Crónica Gourmet

Los Calçots representan una de las tradiciones gastronómicas más divertidas y deliciosas de Cataluña. Consiste en asar las cebolletas a fuego vivo de sarmientos de vid, envolverlas en papel de periódico para que terminen de cocinarse con su propio calor y consumirlas con las manos pelando la capa carbonizada para mojar en la salsa romesco.
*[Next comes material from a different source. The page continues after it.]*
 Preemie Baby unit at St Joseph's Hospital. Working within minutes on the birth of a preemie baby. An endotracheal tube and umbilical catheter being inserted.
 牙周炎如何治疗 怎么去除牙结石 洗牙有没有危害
Hacer una salsa romesco de gala exige precisión de autor. Rallar los tomates y ajos asados se realiza de forma idónea en un mortero de piedra de cocina o con una batidora de mano potente. Servir los calçots requiere tejas de barro para mantener el calor.

Elaboración Paso a Paso

01

Asar los Ingredientes del Romesco

Asa en el horno a 200°C los tomates y la cabeza de ajo durante 30 minutos hasta que estén tiernos y caramelizados. Mientras tanto, fríe la rebanada de pan en tu sartén antiadherente con aceite de oliva. Hidrata las ñoras en agua caliente por 15 minutos.

02

Majado de la Salsa Romesco

En el vaso de tu batidora de mano potente, tritura las almendras y avellanas con el pan frito. Añade la pulpa raspada de las ñoras, los tomates y ajos asados y pelados. Emulsiona vertiendo el aceite de oliva y el vinagre de Jerez poco a poco hasta lograr una salsa espesa y ligada.

03

Asar los Calçots

Coloca los calçots en una parrilla o plancha muy caliente (o al horno a 220°C). Asínalos hasta que la capa exterior esté completamente negra e inflada (aproximadamente 15-20 minutos). Envuélvelos en papel de aluminio para que reposen 10 minutos y se ablanden.

04

Presentación de Gala

Sirve los calçots calientes sobre una teja de barro tradicional. Acompaña con una generosa salsera con la salsa romesco de autor y sirve con baberos de tela para los comensales.